Entries supplied:
++++++++

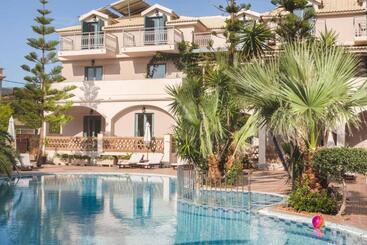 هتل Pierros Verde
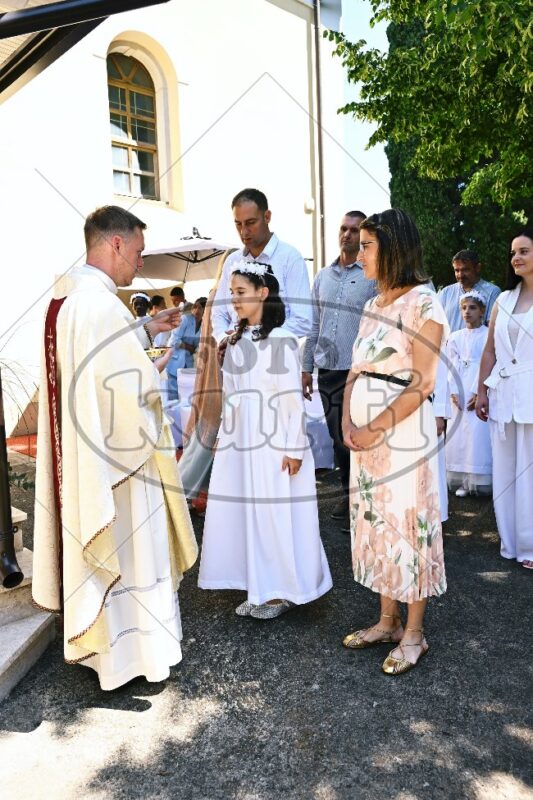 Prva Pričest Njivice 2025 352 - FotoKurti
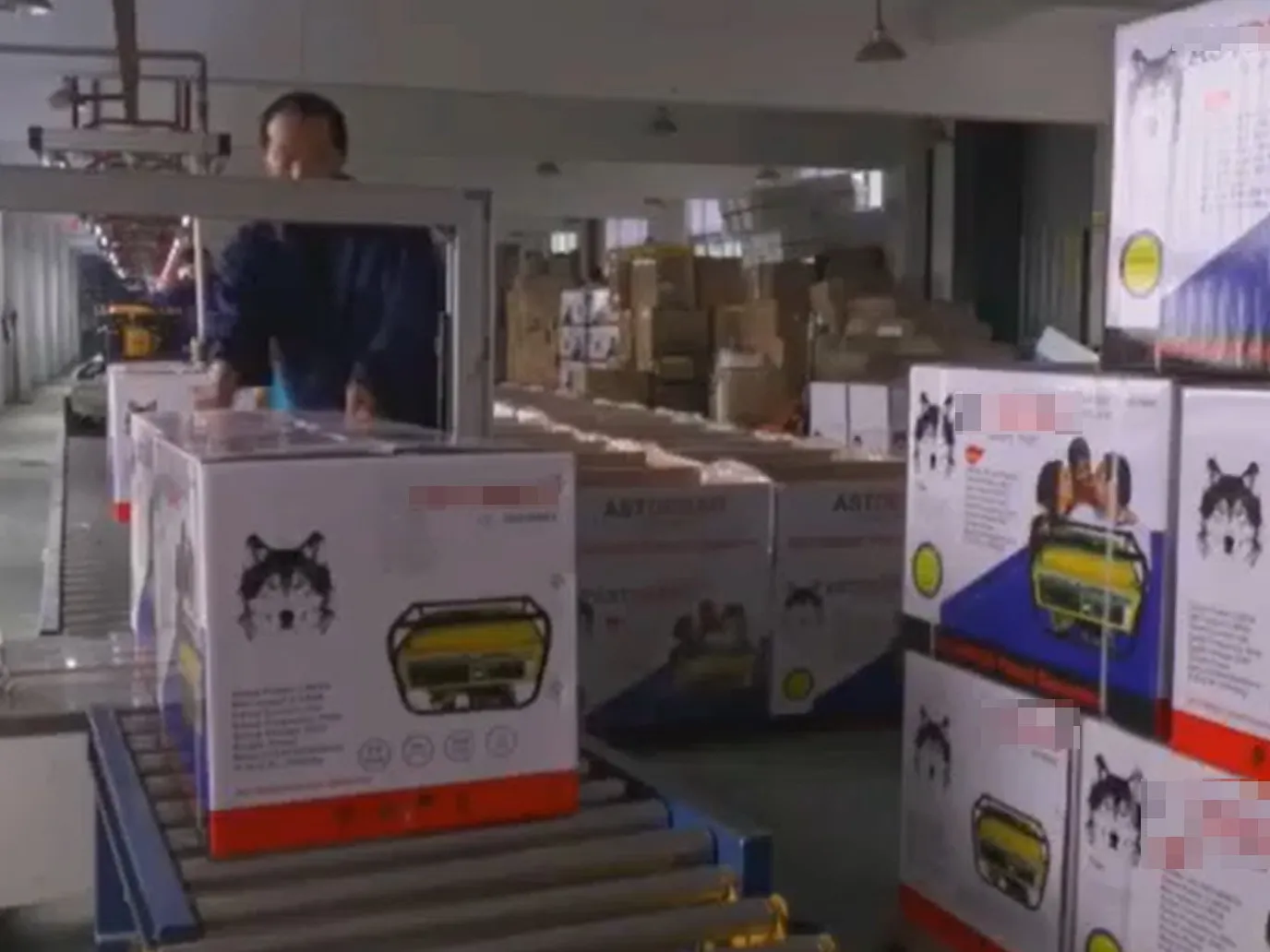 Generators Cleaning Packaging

++++++++

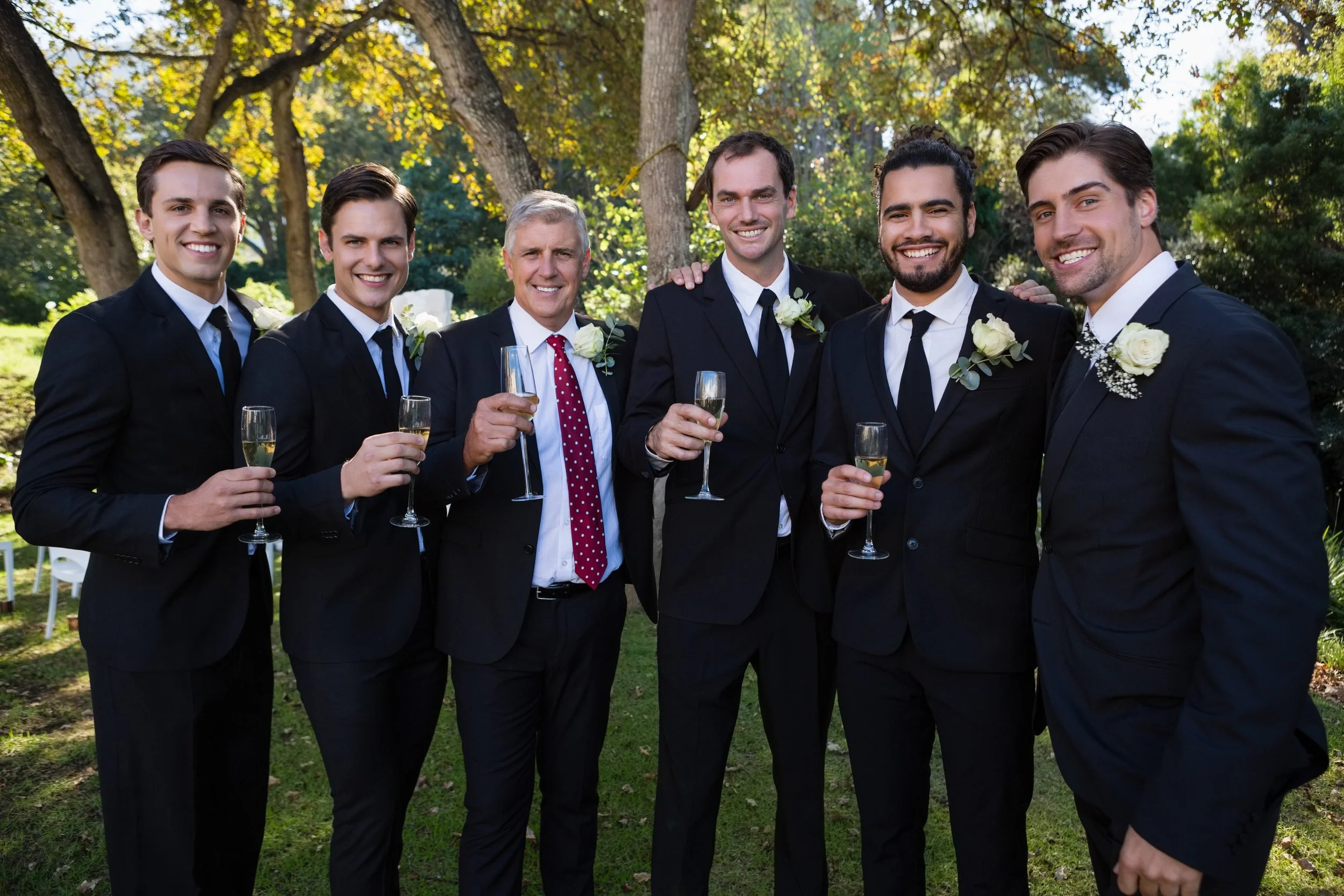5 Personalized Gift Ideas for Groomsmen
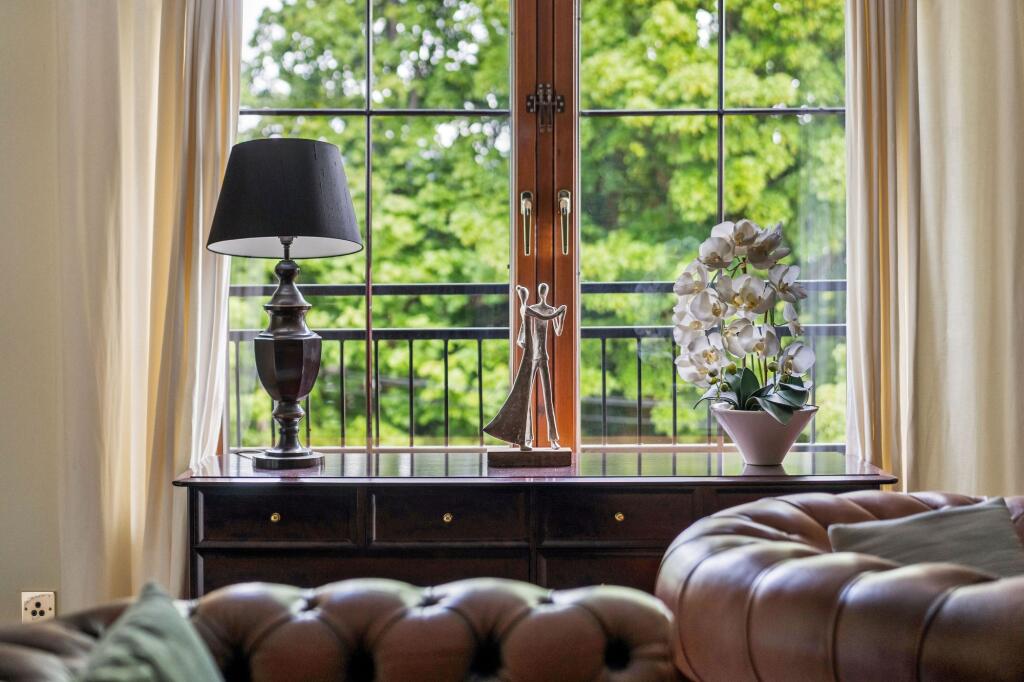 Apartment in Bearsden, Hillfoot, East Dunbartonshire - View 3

++++++++

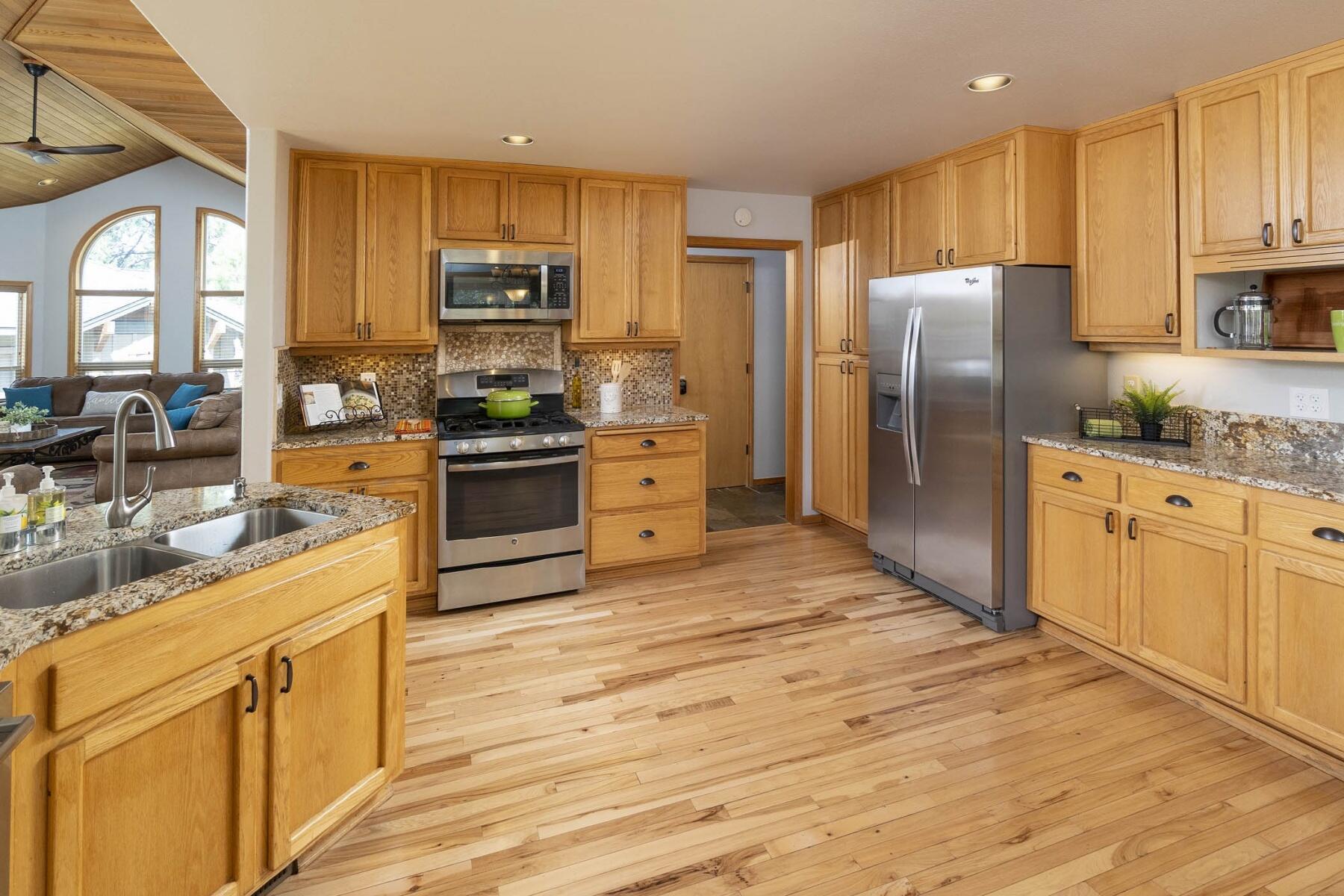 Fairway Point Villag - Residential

++++++++

How to complete this task:
Exactly the lines above, from the one containing "هتل Pierros Verde" down to the one containing "Generators Cleaning Packaging", are to be repeated, including both ends. Pictures are not part of the copy.

Written response:
 هتل Pierros Verde
 Prva Pričest Njivice 2025 352 - FotoKurti
 Generators Cleaning Packaging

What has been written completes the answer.